**PROBLEM STATEMENT:**
Leave every picture out and return the rest of the listing verbatim.

**DATA PROVIDED:**
******************************

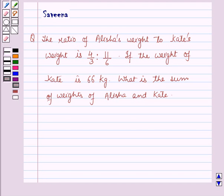Hello and welcome to the session. In this session we will discuss a question which says that the ratio of Alicia's weight to Kate's weight is 4/3 to 11/6. If the weight of Kate is 66 kilograms, what is the sum of weights of Alicia and Kate?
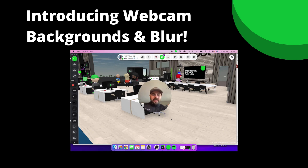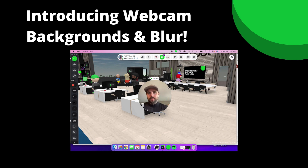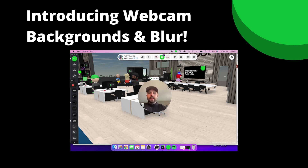Hey everybody, it's AJ from Spot. I wanted to introduce you to some new functionality that Kirit just rolled out — it's Webcam Backgrounds and Blur. This has been a hotly asked for item and I'm so excited to share it with you today.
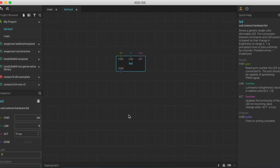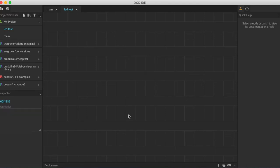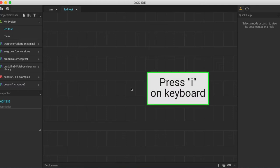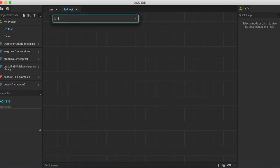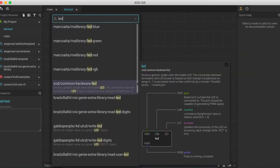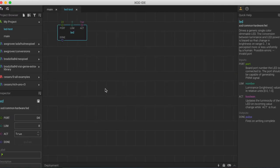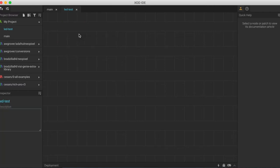The second way to insert a node into our patch is very similar. Starting on a blank patch, if we click once and press I on the keyboard, that will bring up the same search bar as before. We can start typing LED, select the correct node, and again, this will insert into our patch.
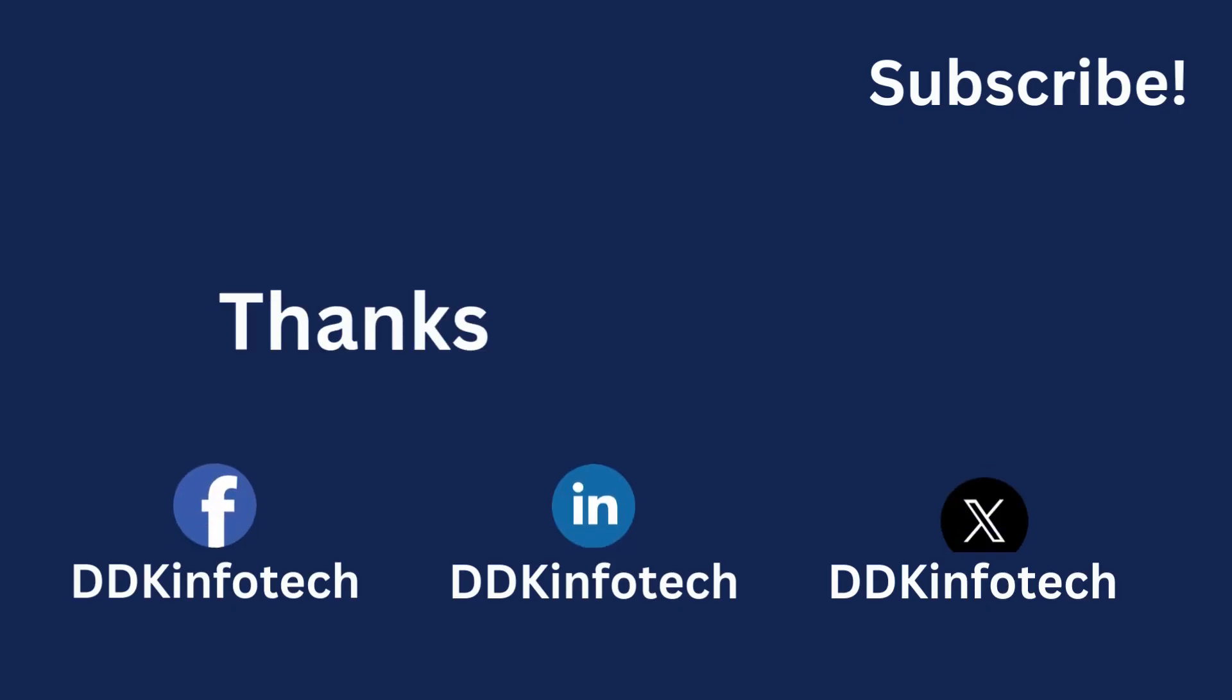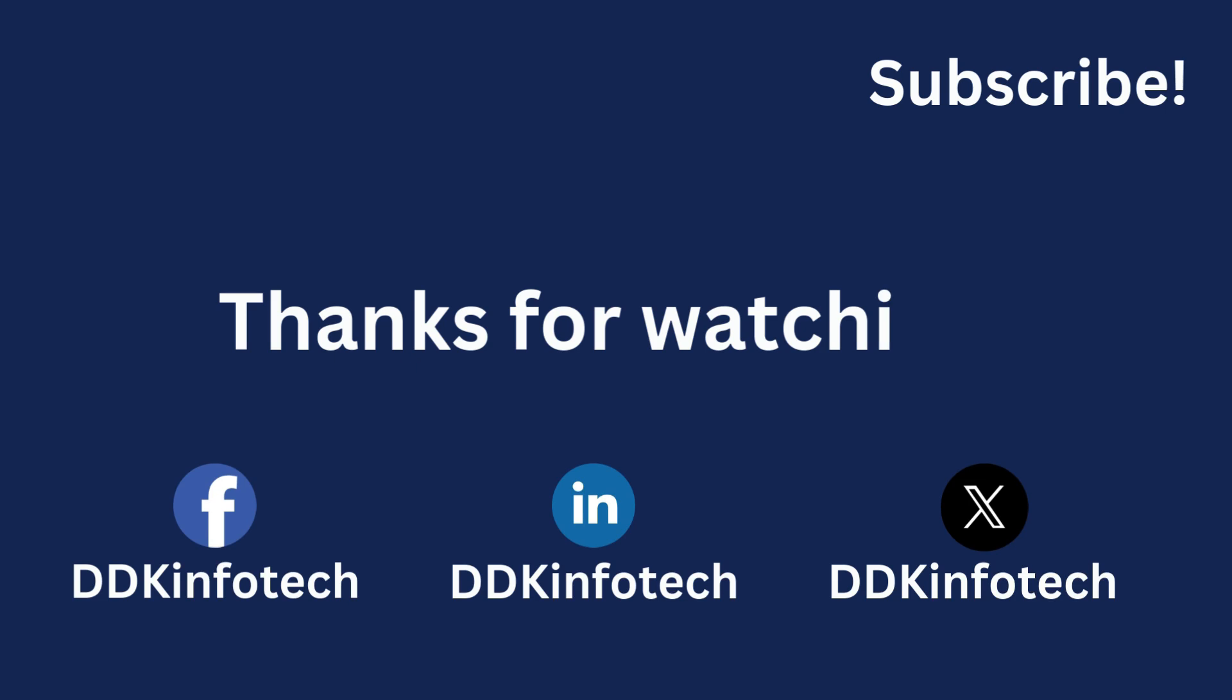Thank you for watching. Be sure to like, subscribe, and comment what other tutorials you would like to see below.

******************************

**YOUR RESPONSE:**
Hello and welcome to the session. In this session we will discuss a question which says that the ratio of Alicia's weight to Kate's weight is 4/3 to 11/6. If the weight of Kate is 66 kilograms, what is the sum of weights of Alicia and Kate?
Hey everybody, it's AJ from Spot. I wanted to introduce you to some new functionality that Kirit just rolled out — it's Webcam Backgrounds and Blur. This has been a hotly asked for item and I'm so excited to share it with you today.
The second way to insert a node into our patch is very similar. Starting on a blank patch, if we click once and press I on the keyboard, that will bring up the same search bar as before. We can start typing LED, select the correct node, and again, this will insert into our patch.
Thank you for watching. Be sure to like, subscribe, and comment what other tutorials you would like to see below.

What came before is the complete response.